You can freely download the FULL MISATO dataset from Zenodo using the links below:
- MD (133 GiB)
- QM (0.3 GiB)
- electronic densities (6 GiB)
- MD restart and topology files (55 GiB)
wget -O data/MD/h5_files/MD.hdf5 https://zenodo.org/record/7711953/files/MD.hdf5
wget -O data/QM/h5_files/QM.hdf5 https://zenodo.org/record/7711953/files/QM.hdf5
Start with the notebook src/getting_started.ipynb to :
- Understand the structure of our dataset and how to access each molecule's properties.
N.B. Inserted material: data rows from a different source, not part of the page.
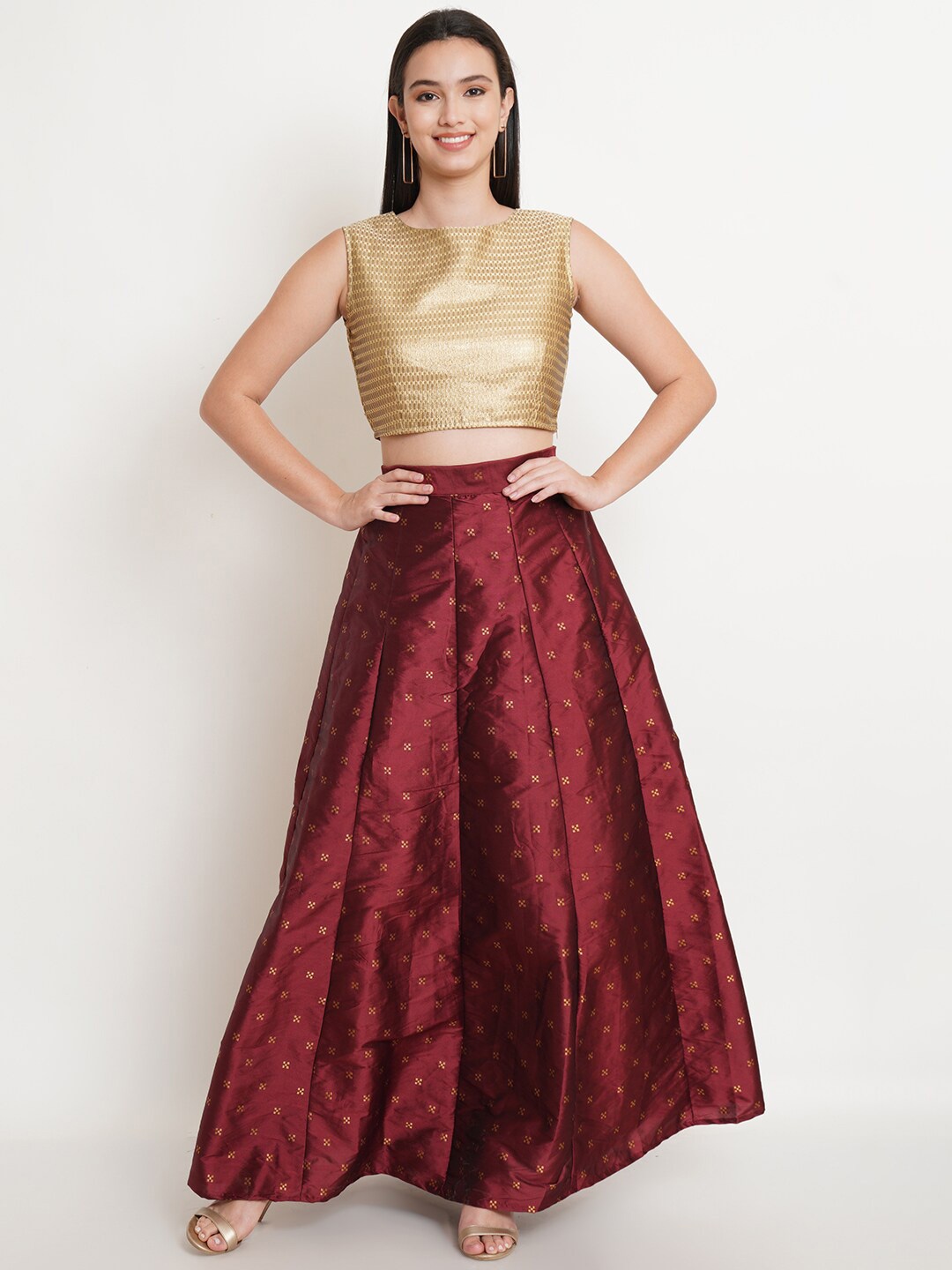 

Purple State Women Maroon & Gold-Toned Ready to Wear Lehenga & Blouse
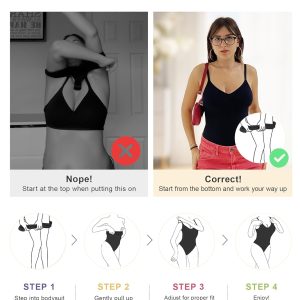 SHAPERX Women's Shapewear Bodysuit Tummy Control Body Shaper Seamless Sculpting Snatched Waist Body Suit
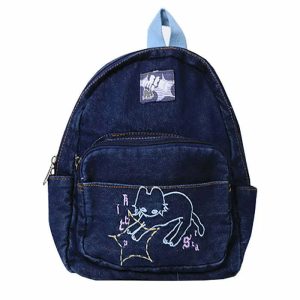 90s aesthetic denim backpack iconic & youthful style 6428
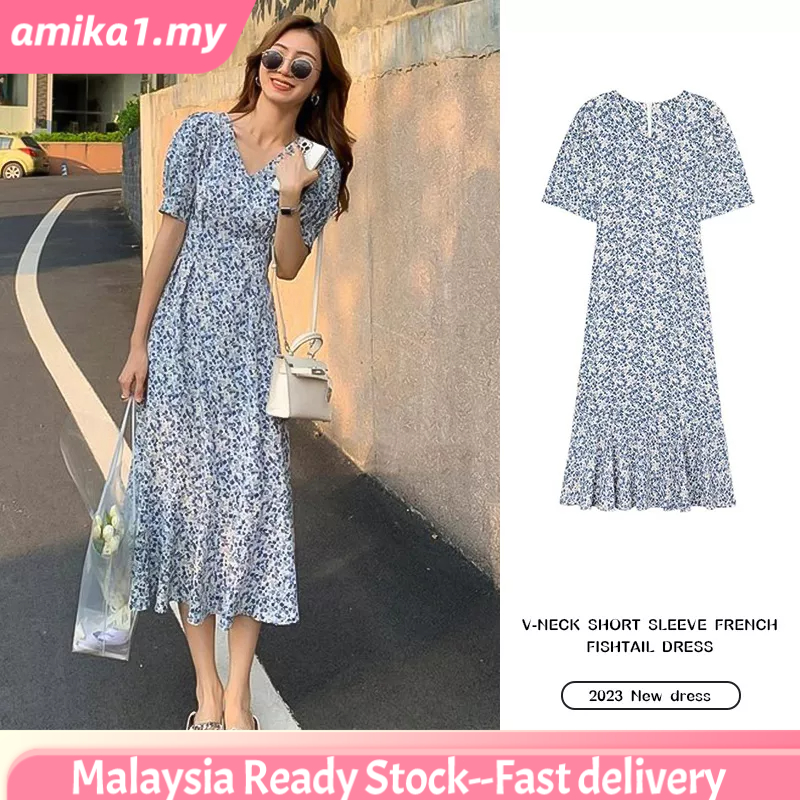 MY STOCK & Amika1 Korean Fashion Long Dress Blue Fishtail Floral Dress ...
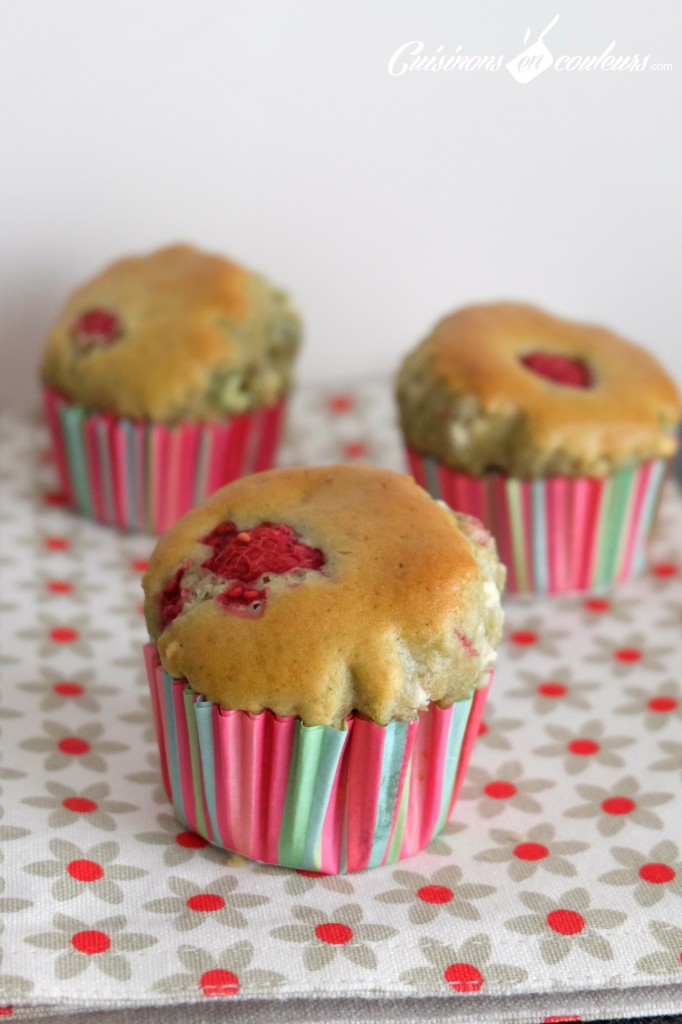 Muffins the matcha chocolat et framboises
- Load the PyTorch Dataloaders of each dataset.
- Load the PyTorch lightning Datamodules of each dataset.
We recommend to pull our MISATO image from DockerHub or to create your own image (see docker/). The images use cuda version 11.8. We recommend to install on your own system a version of CUDA that is a least 11.8 to ensure that the drivers work correctly.
# clone project
git clone https://github.com/sab148/MiSaTo-dataset.git
cd MiSaTo-dataset
For singularity use:
# get the container image
singularity pull docker://sab148/misato-dataset
singularity shell misato.sif
For docker use:
sudo docker pull sab148/misato-dataset:latest
bash docker/run_bash_in_container.sh
├── data <- Project data
│ ├──MD
│ │ ├── h5_files <- storage of dataset
│ │ └── splits <- train, val, test splits
│ └──QM
│ │ ├── h5_files <- storage of dataset
│ │ └── splits <- train, val, test splits
│
├── src <- Source code
│ ├── data
│ │ ├── components <- Datasets and transforms
│ │ ├── md_datamodule.py <- MD Lightning data module
│ │ ├── qm_datamodule.py <- QM Lightning data module
│ │ │
│ │ └── processing <- Skripts for preprocessing, inference and conversion
│ │ ├──...
│ ├── getting_started.ipynb <- notebook : how to load data and interact with it
│ └── inference.ipynb <- notebook how to run inference
│
├── docker <- Dockerfile and execution script
└── README.md
In case you want to use conda for your own installation please create a new misato environment.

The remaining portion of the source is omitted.